In the previous article we were introduced to the Palmer Penguins, their eating habits, and built a recommender system that would serve them their favourite fish. However, the system we built was overly simplistic and assumed a *single* favourite fish across the population. As we all know, there is no single best of anything. It all comes down to personal preference. In this article we are going to see how to improve the system through *contextual* multi-armed bandits, which will allow learning the penguins preferences much more granularly than a population average.

This article will use the same setting and data set as the first part, so I highly recommend you give it a read for some additional context, an explanation of the data and a description of the already implemented system.

## Measuring the penguins

The greatest weakness of the previous system was that it did not take into account any information about the penguins it was feeding. It was merely trying to choose the most popular fish across the board. A much more powerful approach is to try and learn patterns in the penguins preferences, and identify parts of the population that have similar preferences.
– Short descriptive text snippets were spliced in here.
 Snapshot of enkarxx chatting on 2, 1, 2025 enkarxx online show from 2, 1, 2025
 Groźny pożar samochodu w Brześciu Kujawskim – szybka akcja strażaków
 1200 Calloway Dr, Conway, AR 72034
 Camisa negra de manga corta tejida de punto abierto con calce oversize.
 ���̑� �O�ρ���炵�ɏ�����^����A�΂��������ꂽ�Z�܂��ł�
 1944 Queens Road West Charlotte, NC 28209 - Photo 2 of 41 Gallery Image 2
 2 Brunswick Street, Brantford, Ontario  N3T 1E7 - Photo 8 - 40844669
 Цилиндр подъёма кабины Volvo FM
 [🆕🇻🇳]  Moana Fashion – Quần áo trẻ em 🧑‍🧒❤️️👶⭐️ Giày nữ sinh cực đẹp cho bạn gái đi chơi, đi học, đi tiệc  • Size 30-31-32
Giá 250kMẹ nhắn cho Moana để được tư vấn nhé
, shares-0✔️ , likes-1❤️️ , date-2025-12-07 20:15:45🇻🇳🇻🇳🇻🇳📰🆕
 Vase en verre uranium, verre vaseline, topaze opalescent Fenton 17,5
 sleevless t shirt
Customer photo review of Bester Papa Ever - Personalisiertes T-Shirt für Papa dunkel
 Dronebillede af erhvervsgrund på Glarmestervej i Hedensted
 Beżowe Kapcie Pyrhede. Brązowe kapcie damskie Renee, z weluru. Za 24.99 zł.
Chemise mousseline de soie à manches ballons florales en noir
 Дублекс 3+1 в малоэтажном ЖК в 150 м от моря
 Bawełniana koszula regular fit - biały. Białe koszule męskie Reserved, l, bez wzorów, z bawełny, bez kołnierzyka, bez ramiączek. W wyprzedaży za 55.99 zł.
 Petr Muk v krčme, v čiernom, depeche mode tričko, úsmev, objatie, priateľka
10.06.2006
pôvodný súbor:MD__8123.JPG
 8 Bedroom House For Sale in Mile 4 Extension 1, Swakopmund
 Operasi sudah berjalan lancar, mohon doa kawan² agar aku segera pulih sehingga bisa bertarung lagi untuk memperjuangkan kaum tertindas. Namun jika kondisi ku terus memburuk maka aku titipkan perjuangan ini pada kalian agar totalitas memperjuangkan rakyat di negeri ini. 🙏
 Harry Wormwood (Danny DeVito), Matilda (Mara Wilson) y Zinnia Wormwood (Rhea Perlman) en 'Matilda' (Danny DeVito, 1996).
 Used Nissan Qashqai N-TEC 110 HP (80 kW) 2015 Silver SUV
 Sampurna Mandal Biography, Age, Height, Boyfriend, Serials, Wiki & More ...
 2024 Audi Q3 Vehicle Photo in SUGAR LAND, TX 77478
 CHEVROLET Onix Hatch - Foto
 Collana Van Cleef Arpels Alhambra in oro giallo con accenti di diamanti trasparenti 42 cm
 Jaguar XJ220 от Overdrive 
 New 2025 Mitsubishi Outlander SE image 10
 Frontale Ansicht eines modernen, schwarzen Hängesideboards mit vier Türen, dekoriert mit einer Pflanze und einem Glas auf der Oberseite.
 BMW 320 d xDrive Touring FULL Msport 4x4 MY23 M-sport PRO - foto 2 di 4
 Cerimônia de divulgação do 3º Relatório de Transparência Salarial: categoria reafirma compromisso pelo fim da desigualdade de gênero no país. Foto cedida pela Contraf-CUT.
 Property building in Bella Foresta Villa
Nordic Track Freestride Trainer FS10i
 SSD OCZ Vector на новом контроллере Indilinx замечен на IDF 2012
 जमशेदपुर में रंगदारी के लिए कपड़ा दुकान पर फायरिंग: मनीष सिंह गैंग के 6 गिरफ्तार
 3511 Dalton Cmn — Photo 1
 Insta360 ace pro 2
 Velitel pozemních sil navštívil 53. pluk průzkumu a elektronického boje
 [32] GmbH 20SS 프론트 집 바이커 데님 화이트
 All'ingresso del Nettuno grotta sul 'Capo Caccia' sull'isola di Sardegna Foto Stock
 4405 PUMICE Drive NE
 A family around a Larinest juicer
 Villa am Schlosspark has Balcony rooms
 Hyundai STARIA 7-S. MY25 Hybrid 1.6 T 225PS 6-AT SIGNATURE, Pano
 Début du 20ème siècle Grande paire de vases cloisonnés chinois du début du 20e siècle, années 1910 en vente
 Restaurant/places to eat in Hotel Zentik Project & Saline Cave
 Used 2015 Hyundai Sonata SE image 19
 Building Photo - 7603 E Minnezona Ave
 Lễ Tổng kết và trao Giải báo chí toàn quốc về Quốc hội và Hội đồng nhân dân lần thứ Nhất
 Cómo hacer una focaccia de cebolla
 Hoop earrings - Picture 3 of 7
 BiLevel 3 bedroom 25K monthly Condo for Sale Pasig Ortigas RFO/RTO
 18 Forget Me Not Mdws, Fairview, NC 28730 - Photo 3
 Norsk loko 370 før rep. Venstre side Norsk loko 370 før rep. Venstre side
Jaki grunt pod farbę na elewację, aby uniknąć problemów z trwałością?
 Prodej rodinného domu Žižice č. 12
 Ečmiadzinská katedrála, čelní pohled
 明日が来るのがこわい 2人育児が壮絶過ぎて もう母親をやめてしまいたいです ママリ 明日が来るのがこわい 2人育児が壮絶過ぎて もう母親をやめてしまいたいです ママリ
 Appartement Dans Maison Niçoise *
If we were to observe the features of approaching penguins, we could decide which fish to feed based on what we know about the preferences of similarly-looking penguins. Fortunately, the engineers of our fish-feeding operation are already hard at work on an improved system equipped with sensors to observe and measure the penguins bill, body mass and flippers. Let us take a look at these features.

As we can clearly see, there are significant differences between different penguin species. And all this information can be used to better predict their preferences. To refresh your memory, here is the table of eating habits from the first part (entries indicate probability of eating a fish). Since the different species have quite diverse features and eating preferences, it makes a lot of sense to try and capture this information in the model.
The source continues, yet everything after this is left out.